For three pieces I am still excluding the 420 king next to king arrangements but now we have another piece floating around. It will be some multiple of 420 that I need to shave off. The third piece can be one of two colors white or black. The third piece can be one of five different pieces: a queen, a rook, a knight, a bishop or a pawn. Lastly it can be placed on any of the remaining 62 squares not already occupied.

However, we have now over counted with the pawns because neither side can have pawns on the first or last row. If a pawn makes it to the other side of the board it is no longer a pawn, because it becomes a different piece in an arrangement we have already counted. Therefore the pawns travel on 16 fewer squares. It shouldn't matter yet which diagonal the bishop travels on because combined the bishops travel on all the squares. For three pieces the total number of legit arrangements is

2[5(62)-16][P(64,2)-420]...I think...but there has to be a better/correct way.

Maybe after we do four pieces we can find a general method. This is a difficult problem but I'm in too deep now to quit. The general rule in chess is that both kings cannot be in check at the same time the "two kings must not stand next to each other." is an example of the general rule.

Let me know what you think.
• Nov 24th 2009, 07:33 AM
Unenlightened
"Lastly it can be placed on any of the remaining 62 squares not already occupied. "

Meaning you're allowing the possibility for one of the kings to be in check?
Does this then lead to another amendment/complication whereby the 'checking piece' must have been able to legally move to the square from which it is currently checking?

"If a pawn makes it to the other side of the board it is no longer a pawn, because it becomes a different piece in an arrangement we have already counted."

An arrangement you have already counted?
So you're including the possibility, for example, of having 20 rooks on the board in your list of positions?
• Nov 25th 2009, 02:37 AM
derangedphysicsnerd
Move by Move vs. Piece by Piece and Boundary Conditions
"Meaning you're allowing the possibility for one of the kings to be in check?"

Yes, 1 king in check is possible and we are also counting the checkmates for example, a white king at A1 with a black queen on B2 and the black king on C3 would be checkmate.

"Does this then lead to another amendment/complication whereby the 'checking piece' must have been able to legally move to the square from which it is currently checking?"

No, and I understand where you are coming from because I had the same thought process initially.
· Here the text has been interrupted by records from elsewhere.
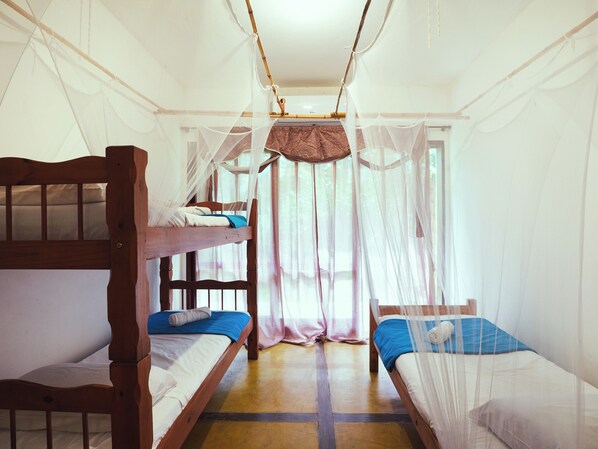 Una habitación con dos literas de madera, una mosquitera y una ventana con cortinas traslúcidas.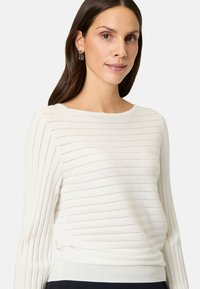 Weißer Strickpullover mit geripptem Design und vertikalen Streifen, langen Ärmeln und rundem Ausschnitt.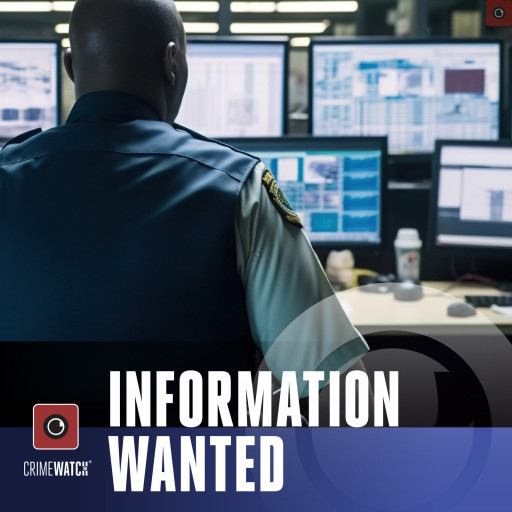 A man monitoring several computer screens and dashboards.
I was thinking of this move by move instead of piece by piece. The problem is how many different (meaning unique) and possible (the rules, pieces and board size are the problem's boundary conditions) positions exist?

If we were to do this move by move the problem would be how many different and possible chess games can we play? That is an entirely different problem and to solve it I would use a lot of graph theory. Our problem is how many unique positions (arrangements) of chess pieces we can place on the board. That is why this is a piece by piece instead of a move by move problem.

“["If a pawn makes it to the other side of the board it is no longer a pawn, because it becomes a different piece in an arrangement we have already counted."

An arrangement you have already counted?
So you're including the possibility, for example, of having 20 rooks on the board in your list of positions?]”

No, and the trick I've learned with these problems is to find your boundary conditions (big macro picture thinking) and then build from the bottom (local micro thinking).

Given the constraints of the problem are 20 rooks on the chess board possible?

If a pawn makes it to the other side of the board it is technically a knight, a bishop, a rook or a queen. Therefore counting a pawn on the last row is not possible because they are no longer considered as pawns on the last row. If we tried to we would technically be counting 1 of the 4 other pieces twice.

Something else to think about is if we have 5 black rooks and 5 white rooks are there more unique arrangements than if we only had 10 white rooks?

We start with 2 rooks how many rooks on a chess board are possible?

How many pawns can make it to their last row? Now add 2 or 1 for the pawns who become queens.